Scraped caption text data
▬▬▬▬▬▬▬▬▬▬

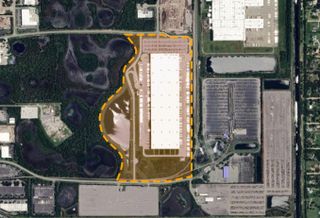 Amazon Fulfillment Center - 14490 Corporate Rd North - Jupiter - Hillwood - Perot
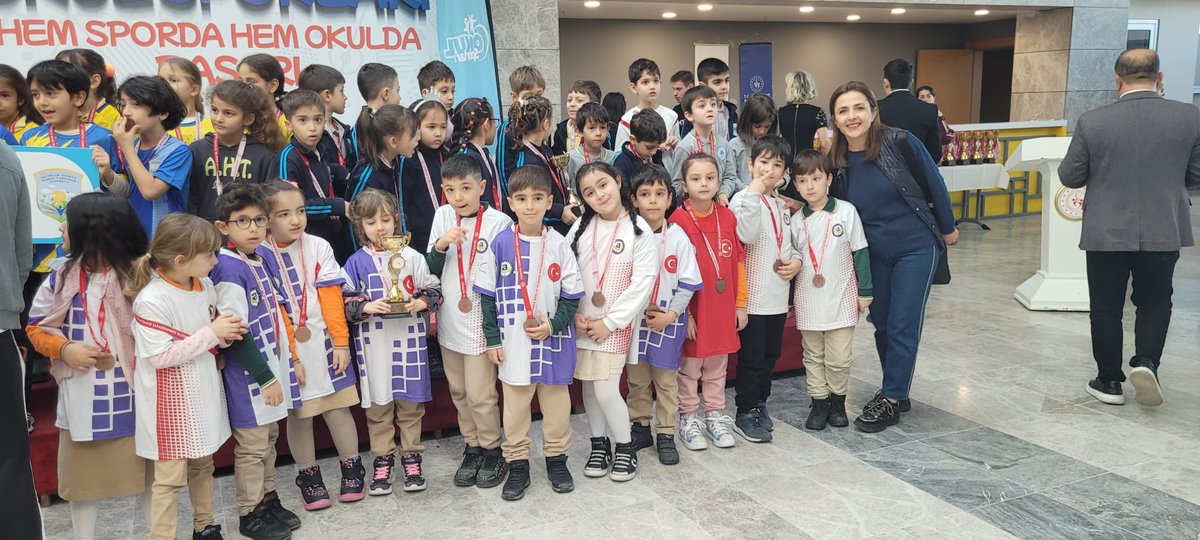 Gururla paylaşıyoruz! Bakırköy ilçesi İFET 4'sü değerli öğrencilerimiz, bizleri bir kez daha gururlandırdı. Başarılarınızın daim olmasını diliyor, emeği geçen öğretmenlerimize ve destek veren ailelerimize teşekkür ediyoruz. <a href="/BakirkoyMEM/">Bakırköy İlçe Millî Eğitim Müdürlüğü</a>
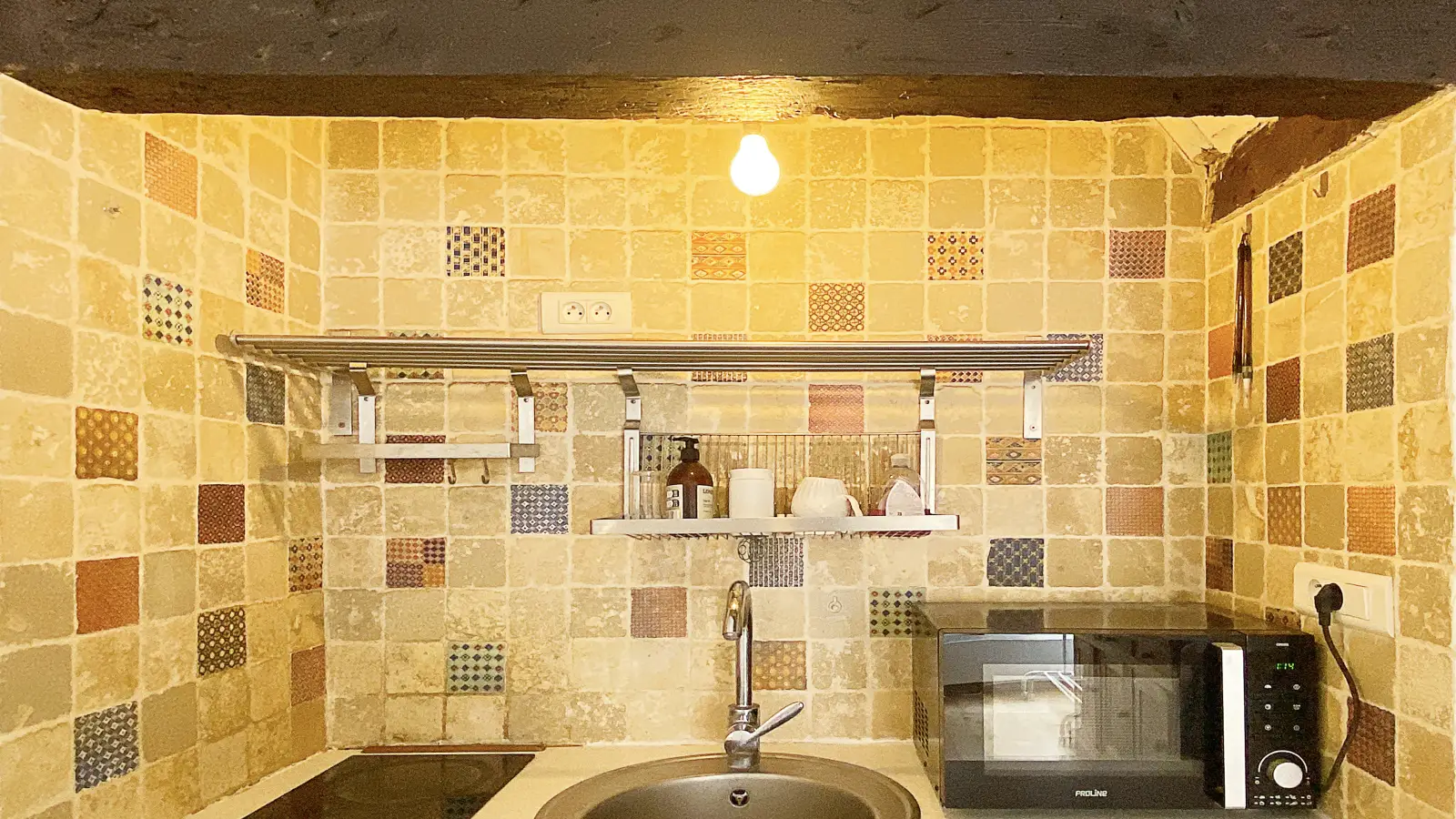 Room Rue Croix des Petits Champs in Paris
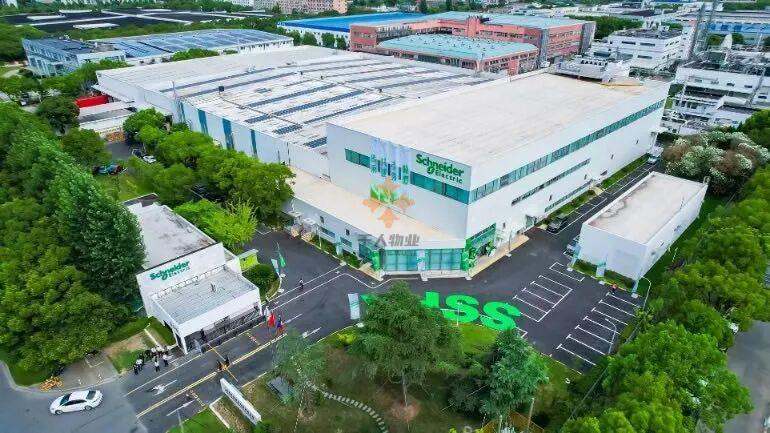 旗舰产品浦东下线直供全球,施耐德电气“零碳工厂”诠释“中国中心”战略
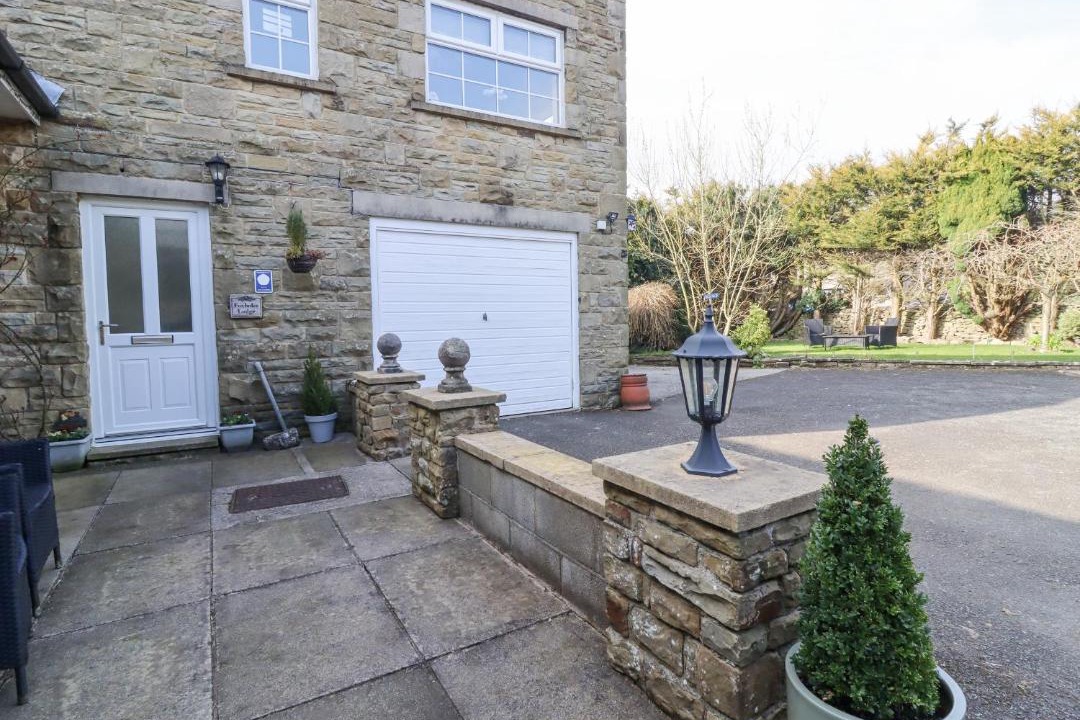 Photo of Buildings in Giggleswick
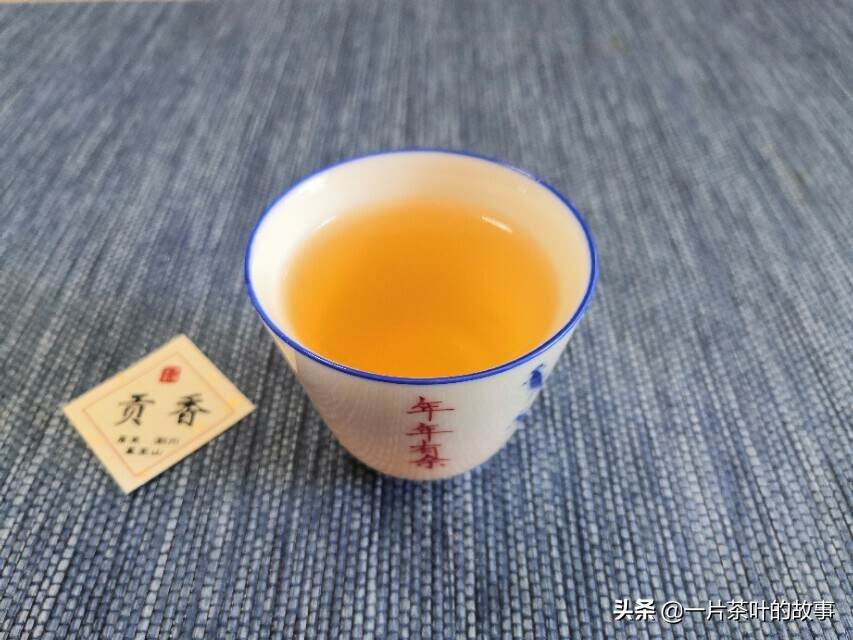 冬天里，泡一杯高香六雪单丛茶，如香水般的凤凰茶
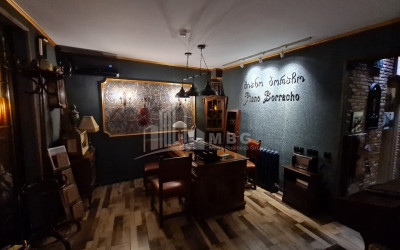 For Sale Hotel - Resort Commercial, in Abanotubani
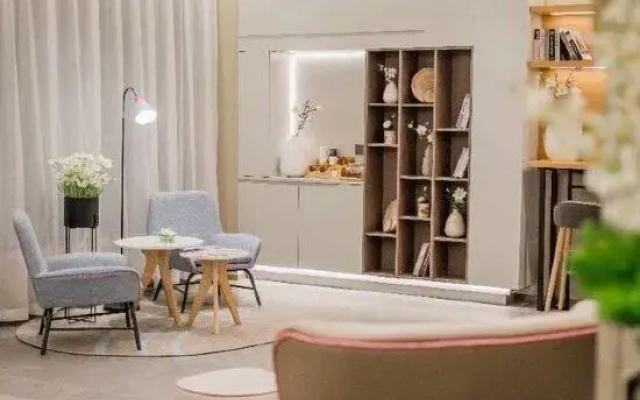 Homeinn · neo (Shanghai Chongming Bayi Road Pedestrian Street)
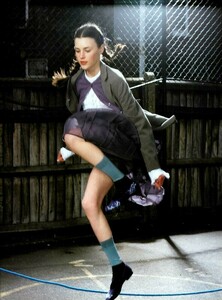 Jenkins_Vogue_Italia_August_1999_06.jpg.83e8183725bcaf08c8393a90c67e679d.jpg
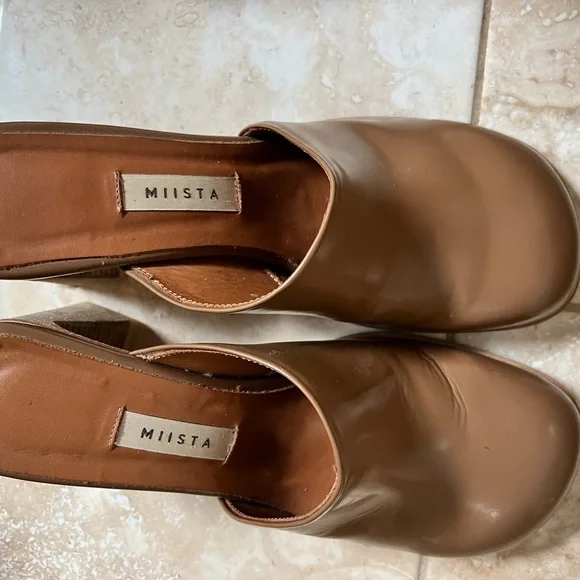 MIISTA Brown Leather Mules almost NTO - Picture 2 of 3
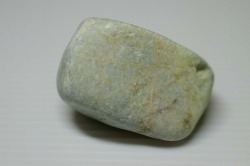 糸魚川産　翡翠原石
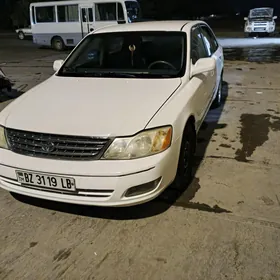 Toyota Avalon 2000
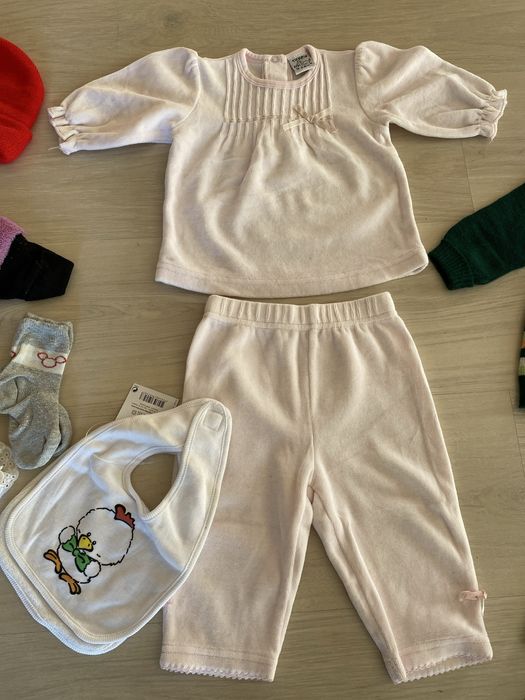 Vand lot haine bebe(4-6 luni) ptr.fete(12).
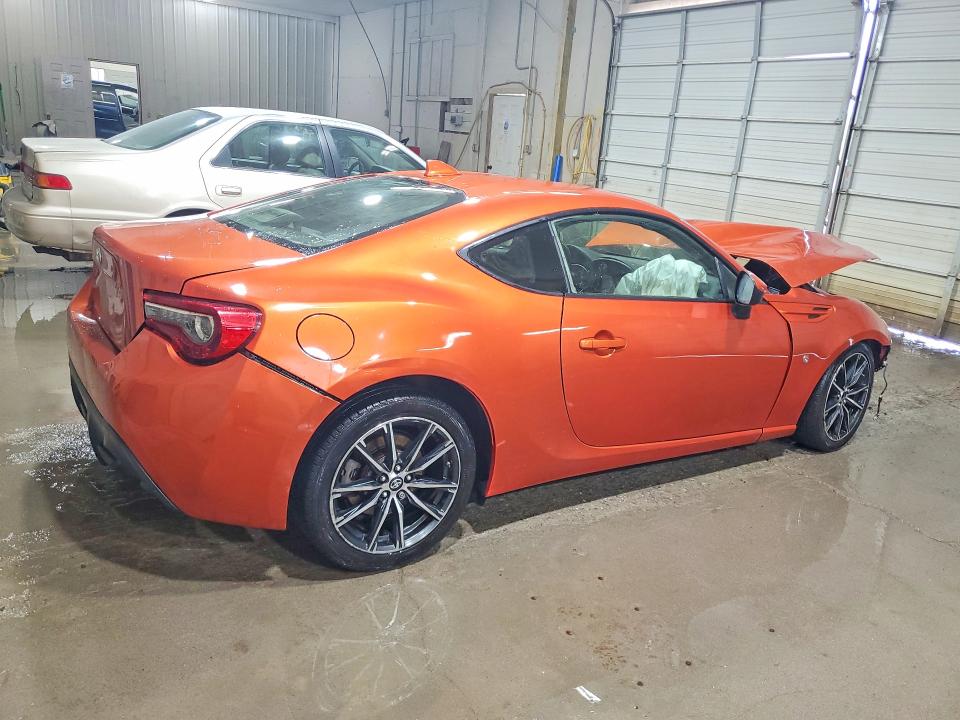 2017 Toyota VIN JF1ZNAA18H8706657 COPART salvage auction — FRONT END, Tn - Salvage Certificate, sold $2,450 on 2026-07-30 (photo 3)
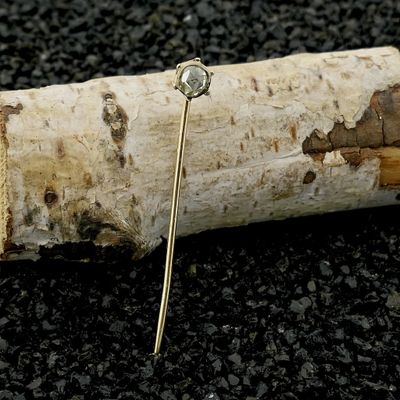 Image 2 of Gold lapel pin, tie pin with rose-cut diamond | Approx. 0.10 ct.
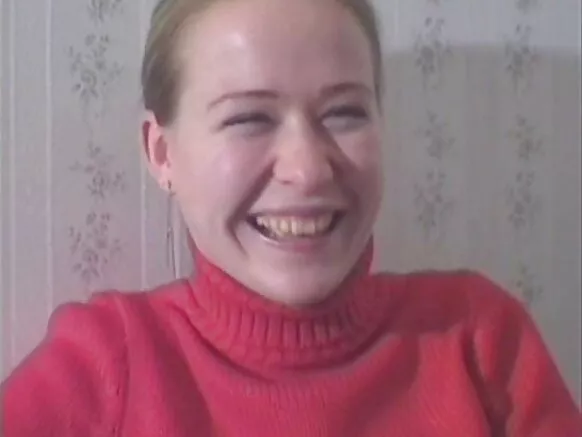 Blonde wakupusika anal Lisa Ann wakuvula ndipo wakupokera.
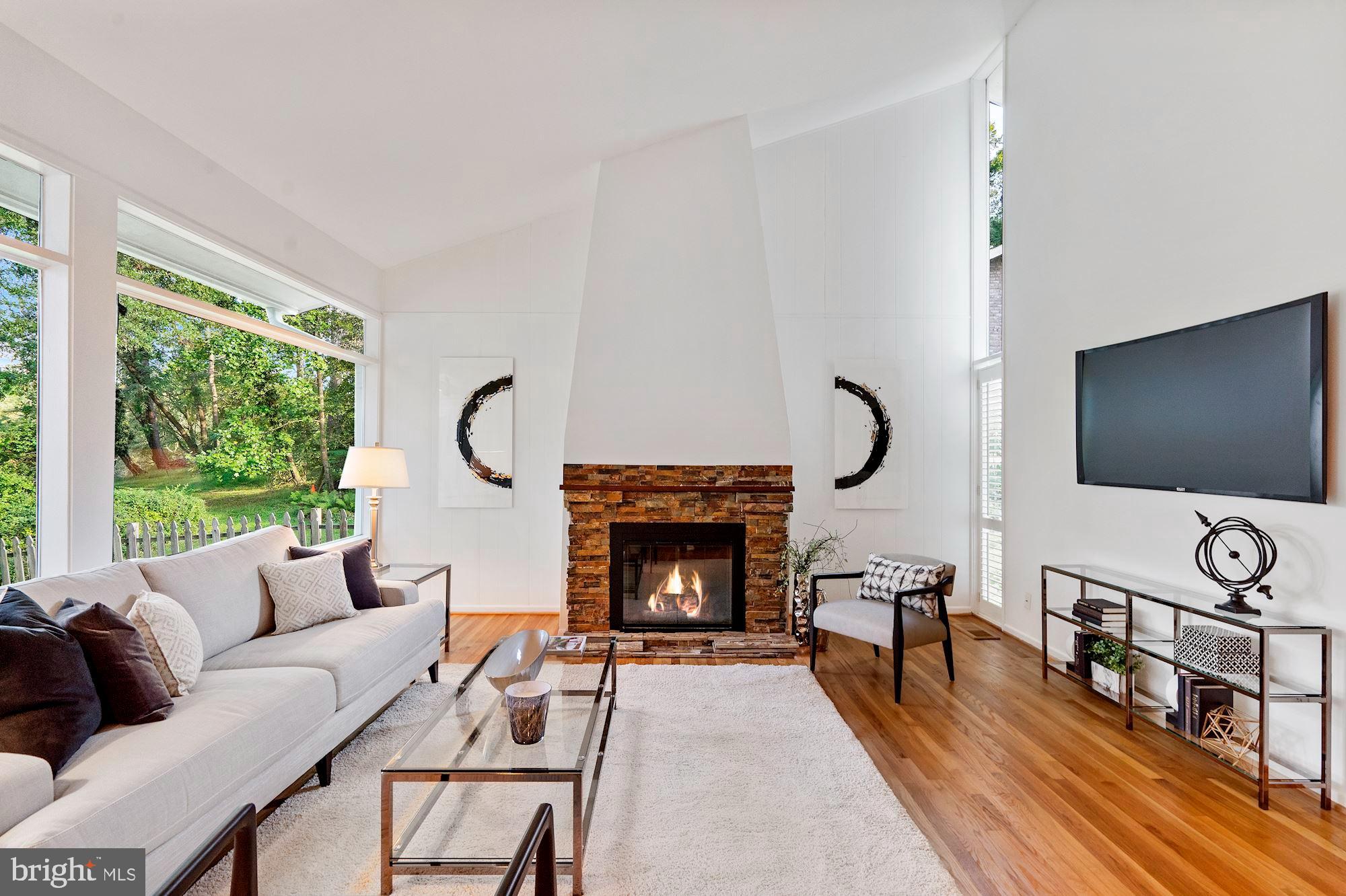 6917 Persimmon Tree Road Bethesda, MD 20817 - Photo 11 of 41 Cathedral Ceilings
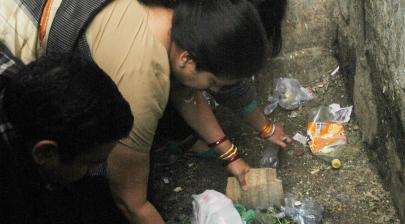 The Union Minister for Human Resource Development, Smt. Smriti Irani participating in in Swachh Bharat Abhiyan (DUSU), at Sanjay Basti, Timarpur, in Delhi on January 08, 2015.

▬▬▬▬▬▬▬▬▬▬

**PROBLEM DETAILS**. Your answer should hold every record above, printed exactly and free of pictures.

**RESPONSE TO THE TASK**.
 Amazon Fulfillment Center - 14490 Corporate Rd North - Jupiter - Hillwood - Perot
 Gururla paylaşıyoruz! Bakırköy ilçesi İFET 4'sü değerli öğrencilerimiz, bizleri bir kez daha gururlandırdı. Başarılarınızın daim olmasını diliyor, emeği geçen öğretmenlerimize ve destek veren ailelerimize teşekkür ediyoruz. <a href="/BakirkoyMEM/">Bakırköy İlçe Millî Eğitim Müdürlüğü</a>
 Room Rue Croix des Petits Champs in Paris
 旗舰产品浦东下线直供全球,施耐德电气“零碳工厂”诠释“中国中心”战略
 Photo of Buildings in Giggleswick
 冬天里，泡一杯高香六雪单丛茶，如香水般的凤凰茶
 For Sale Hotel - Resort Commercial, in Abanotubani
 Homeinn · neo (Shanghai Chongming Bayi Road Pedestrian Street)
 Jenkins_Vogue_Italia_August_1999_06.jpg.83e8183725bcaf08c8393a90c67e679d.jpg
 MIISTA Brown Leather Mules almost NTO - Picture 2 of 3
 糸魚川産　翡翠原石
 Toyota Avalon 2000
 Vand lot haine bebe(4-6 luni) ptr.fete(12).
 2017 Toyota VIN JF1ZNAA18H8706657 COPART salvage auction — FRONT END, Tn - Salvage Certificate, sold $2,450 on 2026-07-30 (photo 3)
 Image 2 of Gold lapel pin, tie pin with rose-cut diamond | Approx. 0.10 ct.
 Blonde wakupusika anal Lisa Ann wakuvula ndipo wakupokera.
 6917 Persimmon Tree Road Bethesda, MD 20817 - Photo 11 of 41 Cathedral Ceilings
 The Union Minister for Human Resource Development, Smt. Smriti Irani participating in in Swachh Bharat Abhiyan (DUSU), at Sanjay Basti, Timarpur, in Delhi on January 08, 2015.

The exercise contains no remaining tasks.